The Pirate King, by Laurie R. King

I will be the first to admit that I am sometimes afflicted with literary snobbishness, one area of which is the genre of mysteries. I've tried to read some, and they just don't appeal to me. My sense of most mystery/thriller authors is that they are skilled mainly in quantity, not quality. It was with some hesitation that I picked up this Laurie King mystery, but then found it to be so much fun! Granted, the main reason I enjoyed it so much as that it is ever so British. "The Pirate King" is King's eleventh novel in a series about Mary Russell, wife of Sherlock Holmes, who narrates with a quintessentially British wit. The mystery was rather secondary to the rest of the novel, which was just fine by me since mysteries aren't my thing. But it was quite clever, I thought, very engagingly written and smart, and I really enjoyed reading it. So now I know not to judge a book by its author, and that I have a new series I can read when I need my British humor fix.

Dec 14, 2014

The Island of Lost Maps, by Miles Harvey

I don't think my eyes have rolled so much while reading since I read "Shantaram." Ostensibly about Gilbert Bland, the man who stole hundreds of antiquarian maps from libraries across the U.S. during the 1990s, "The Island of Lost Maps" is overburdened with Harvey's navel-gazing. I wanted this book to be like "The Billionaire's Vinegar" or "The Orchid Thief," but instead it devolves into psychobabble about how maps are an allegory of the human fear of the unknown, both internal and external (duh); how Harvey's search for answers to why Bland would do such a thing parallels Bland's crimes themselves (eh...maybe); and how Harvey's attempt to understand Bland, as well as Harvey's understanding of himself, is exactly like Bland in key ways (quite a stretch, if you ask me).
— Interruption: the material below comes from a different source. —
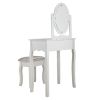 Vanity Table and Chair Set, Makeup Dressing Table with 360Ã‚Â° Rotating Mirror and Large Drawer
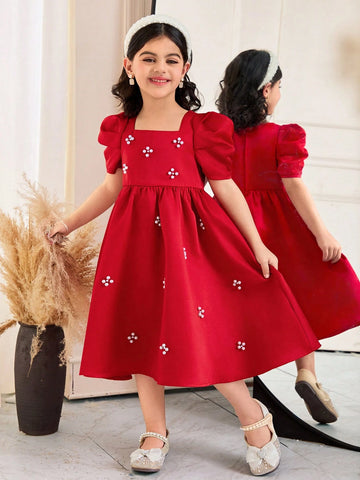 Young Girl Elegant Beaded Square Collar Gigot Sleeve Princess Frill Hem Solid Satin Dress Young Girl Elegant Beaded Square Collar Gigot Sleeve Princess Frill Hem Solid Satin Dress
The crimes are fascinating, as is the history of maps (which we do get a lot of), but I barely found those parts worth wading through Harvey's ridiculous analogies and unfounded psychological theories. It's a silly book that could have been a really interesting book; such a shame.

Captive, by Aimee Carter

This is the sequel to "Pawn," which I loved; "Captive," unfortunately, as a bit disappointing. It's action-packed and stuffed chock-full of betrayals and twists and surprises, which make for a very quick - but not a very well-written - book. The curse of the science fiction sequel seems to be authors trying to make their book too much like a movie. "Captive" could easily pass for a fleshed-out screenplay, seemingly designed to work better on the big screen than in writing. It's unfortunate, that these authors feel they have to fall back on shocking revelations and actions sequences one after the other to keep our attention. That said, it was a fun enough read, and I do intend to read the third installment. I hope Carter dials back the action and lets her writing speak for itself, next time.

Dec 7, 2014

Disquiet, Please!: More Humor Writing From The New Yorker, ed. David Remnick and Henry Finder

This is a compilation of humor writing from the pages of The New Yorker, the second such collection. I really enjoyed seeing the continuity of style and tone throughout eighty years of the publication, as well as how humor has changed. Some I liked more than others, of course, and I obviously struggled with the pieces that reference people and events with which I'm not familiar. But it was still a fun read, worth recommending to people who enjoy smart humor with a strong dose of satire.